■ Work order ■
Produce a verbatim copy of the data below that contains no pictures.

Dataset entries

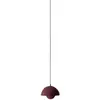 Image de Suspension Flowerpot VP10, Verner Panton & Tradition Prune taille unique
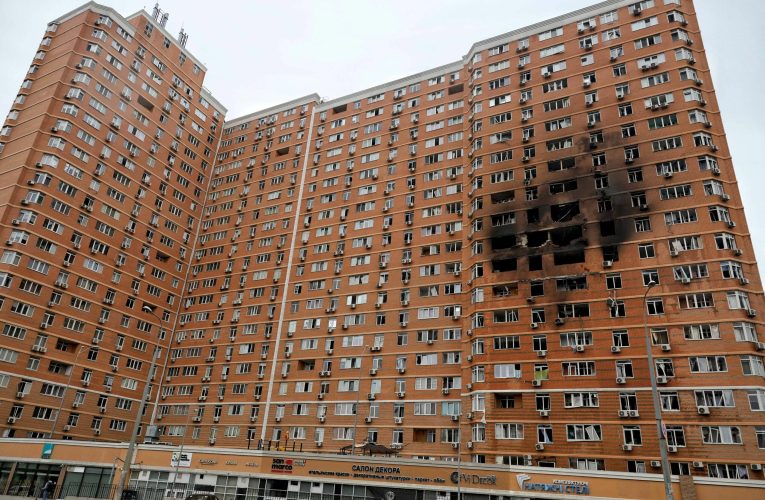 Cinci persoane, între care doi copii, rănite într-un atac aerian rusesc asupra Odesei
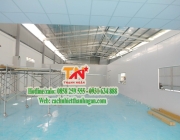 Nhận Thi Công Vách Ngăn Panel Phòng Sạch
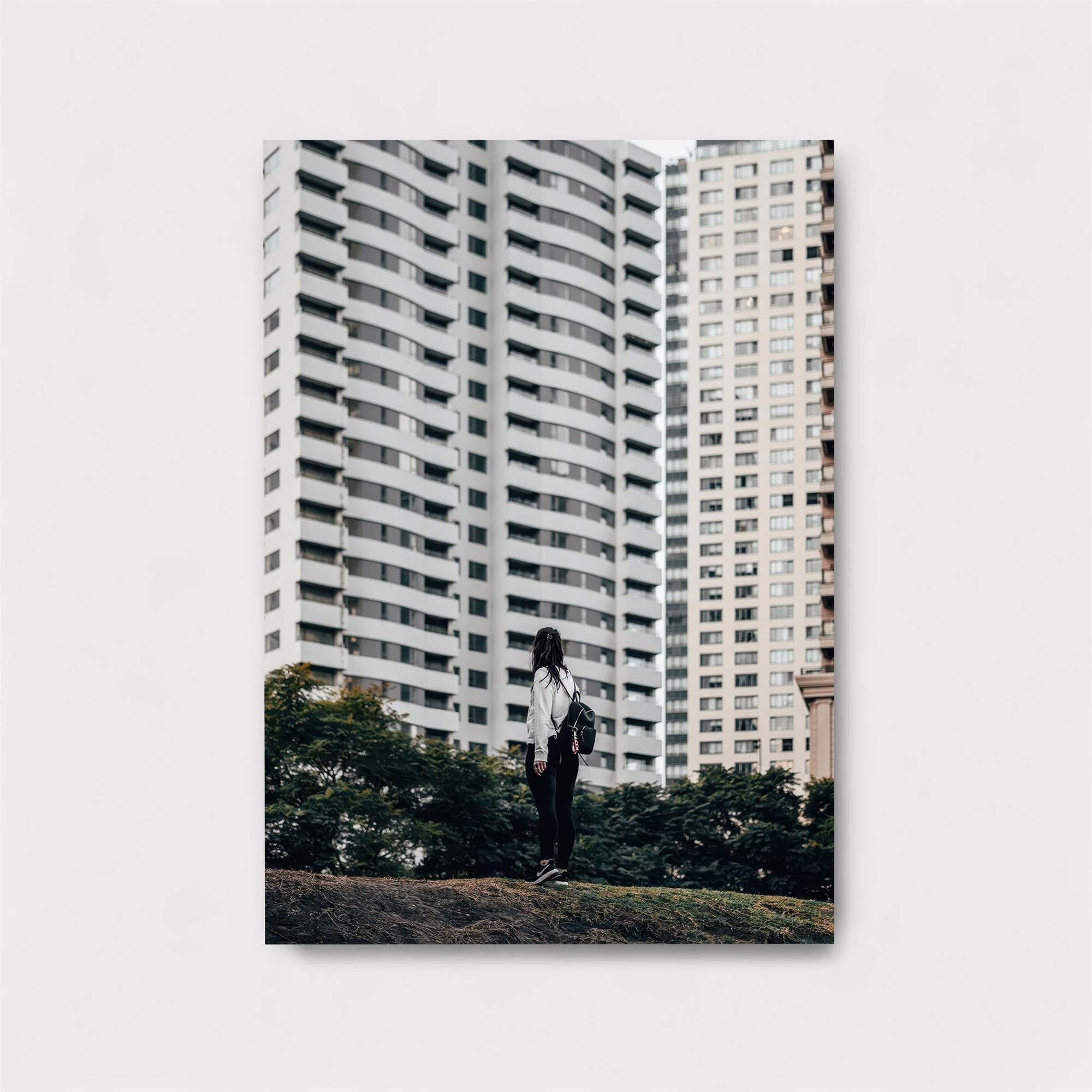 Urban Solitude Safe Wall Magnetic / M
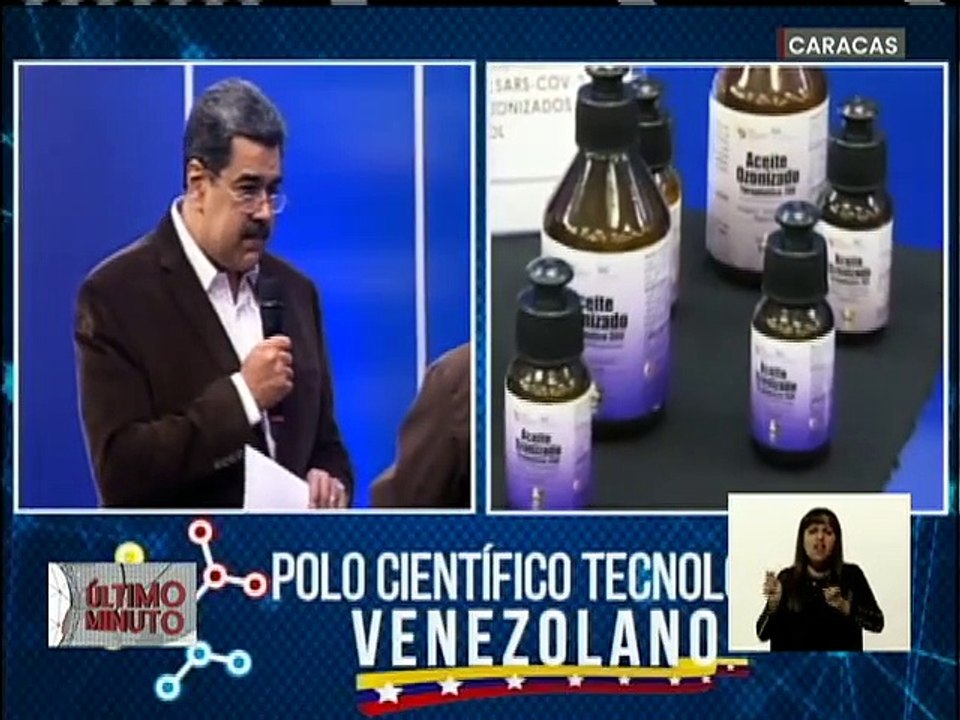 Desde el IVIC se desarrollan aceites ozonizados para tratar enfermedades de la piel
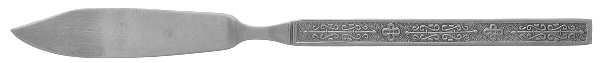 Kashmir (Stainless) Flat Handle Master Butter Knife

■ Exercise solution ■
 Image de Suspension Flowerpot VP10, Verner Panton & Tradition Prune taille unique
 Cinci persoane, între care doi copii, rănite într-un atac aerian rusesc asupra Odesei
 Nhận Thi Công Vách Ngăn Panel Phòng Sạch
 Urban Solitude Safe Wall Magnetic / M
 Desde el IVIC se desarrollan aceites ozonizados para tratar enfermedades de la piel
 Kashmir (Stainless) Flat Handle Master Butter Knife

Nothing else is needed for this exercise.